Through this iterative process, the researchers generated 20,000 high-quality teaching samples. These examples span four different coding task categories: Generation, Summarization, Language Translation (from one programming language to another), and Fix. These four categories encompass a large portion of LLM encoding tasks.
Figure 3 W**Ecoder outperforms other encoding LLMs trained on a similar number of examples
There are many ways to generate training examples for coding LLMs. But Microsoft's CodeOcean stands out by its emphasis on generalization and example efficiency. Unlike studies that rely on large amounts of data, CodeOcean can achieve high performance with smaller datasets.
To demonstrate the effectiveness of CodeOcean, the researchers fine-tuned three coding language models: StarCoder-15B, Codellama (7b and 13b), and DeepSeekCoder-67b。Given the size of the dataset, fine-tuning is fast and cost-effective. The fine-tuned model was evaluated against three key coding benchmarks: Humaneval, MBPP, and HumanevalPack.

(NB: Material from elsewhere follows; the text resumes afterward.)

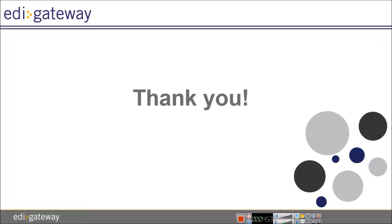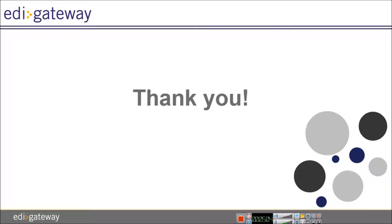If you are applying any allowance or charges, please indicate what you are applying and the amount. Thank you for choosing EDI Gateway's Service Bureau to exchange your EDI documents with RONA. You are now ready to exchange business documents with RONA through our Service Bureau. If you receive any errors or EDI related documents from RONA, please forward them to us. Here is how to reach us, and from all of us at EDI Gateway, we thank you for watching.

Through multiple trainings on CodeOcean, all models have seen significant improvements on these benchmarks. In terms of generation, the researchers describe the effects and limitations of the w**ecoder: "After the fine-tuning process, the performance of the w**ecoder model has improved significantly compared to the base model and some open-source models, but it still lags behind proprietary models (such as GPT-4 and Gemini), as well as the indicative model trained with more than 70,000 training data." ”
The performance difference between w**ecoder and wizardcoder is minimal, with 78,000 training examples. This shows that "fine-grained and diverse instruction data can significantly improve the efficiency of instruction tuning." ”
w**ecoder is particularly good at summarization and remediation tasks. It outperforms other open-source models on almost all programming languages. This success underscores the "effectiveness of defining and classifying" related tasks to enhance the generalization capabilities of LLMs.
While Microsoft has yet to release models, data, and data for W**Ecoder and CodeOcean, discussions about Hugging Face suggest that the company is reviewing whether to release them to the public. Going forward, the researchers aim to explore the effects of larger datasets, as well as the potential benefits of combining CodeOcean with other coding datasets.